DATA FOR THIS EXERCISE:
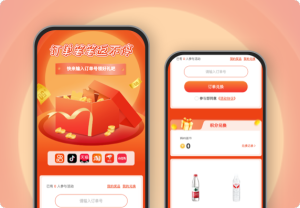 訂單筆筆返不停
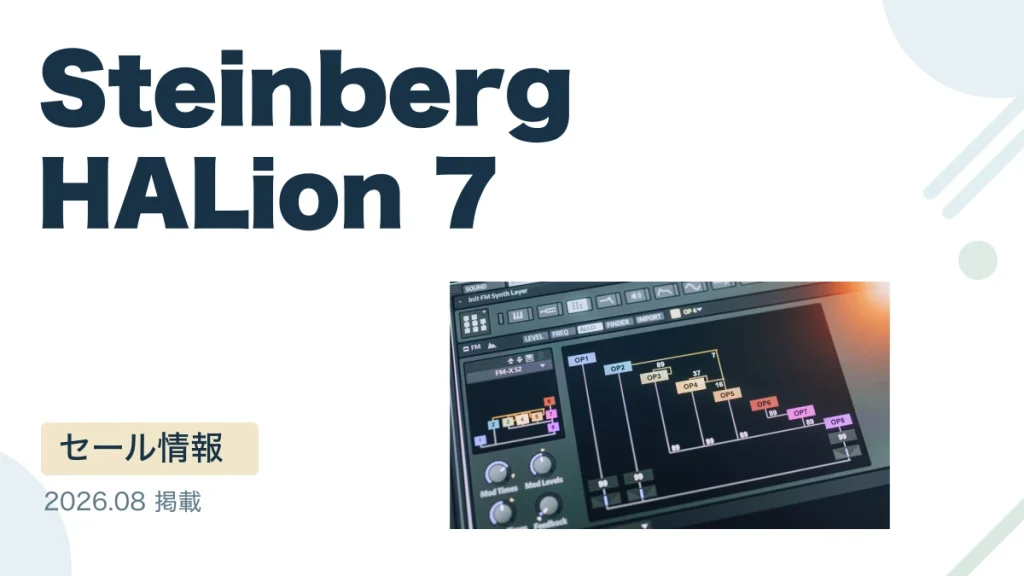 Steinberg HALion 7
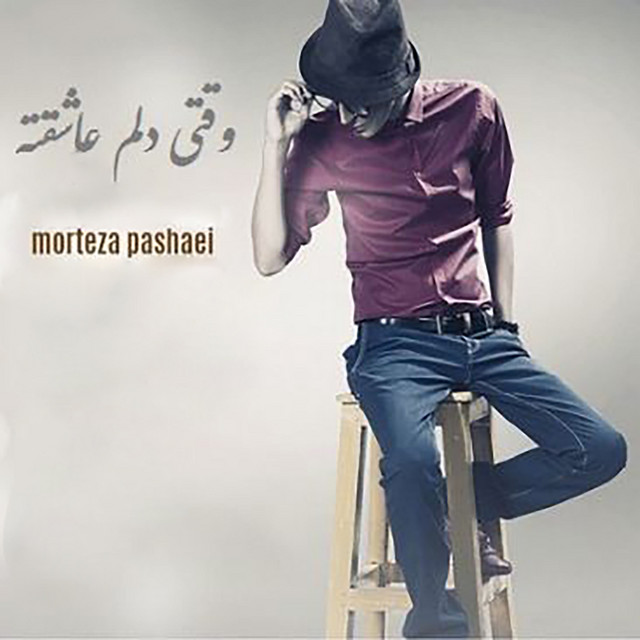 کاور آهنگ وقتی دلم عاشقته از مرتضی پاشایی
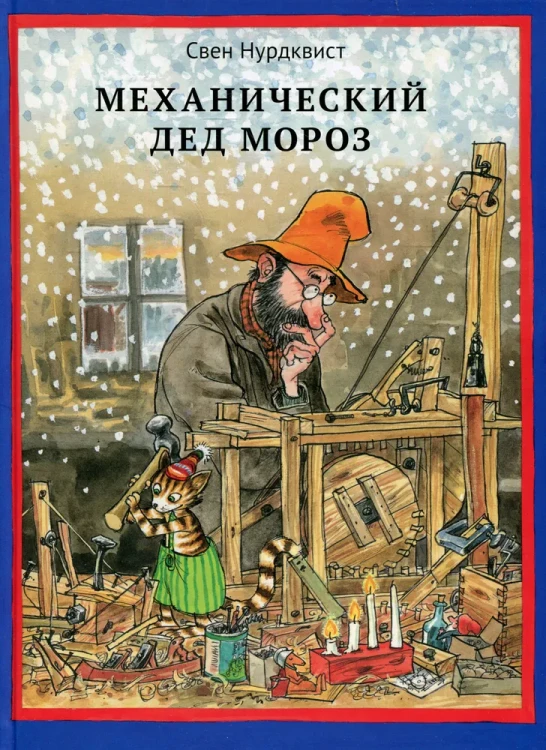 6244119152.webp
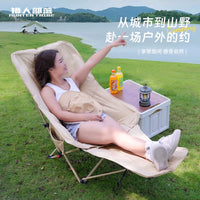 Outdoor Folding Lounge Chair Portable Recliner for Camping Office Nap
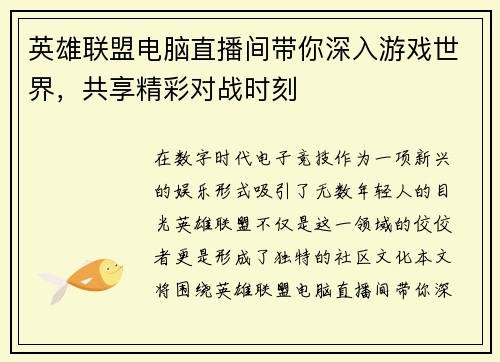 英雄联盟电脑直播间带你深入游戏世界，共享精彩对战时刻
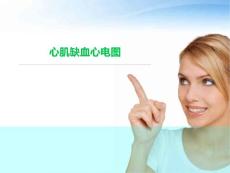 心肌缺血心电图ppt课件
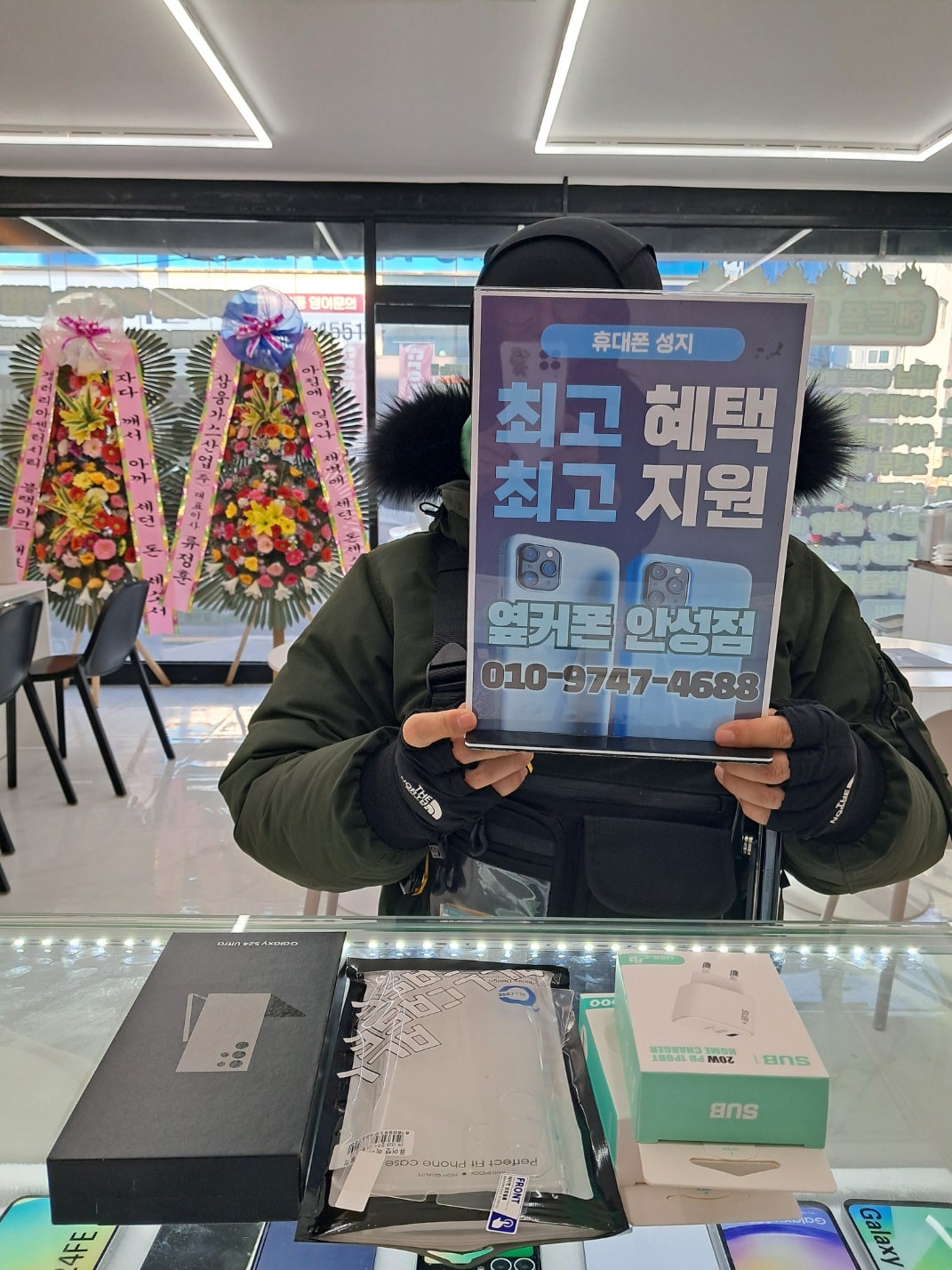 옆커폰 안성점에서 s24울트라 기변 완료했어요~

YOUR INSTRUCTIONS: Everything from the line with "Steinberg HALion 7" through the last line of the listing above is to be copied exactly, both ends included, except the pictures.

OUTPUT FOR THIS EXERCISE:
 Steinberg HALion 7
 کاور آهنگ وقتی دلم عاشقته از مرتضی پاشایی
 6244119152.webp
 Outdoor Folding Lounge Chair Portable Recliner for Camping Office Nap
 英雄联盟电脑直播间带你深入游戏世界，共享精彩对战时刻
 心肌缺血心电图ppt课件
 옆커폰 안성점에서 s24울트라 기변 완료했어요~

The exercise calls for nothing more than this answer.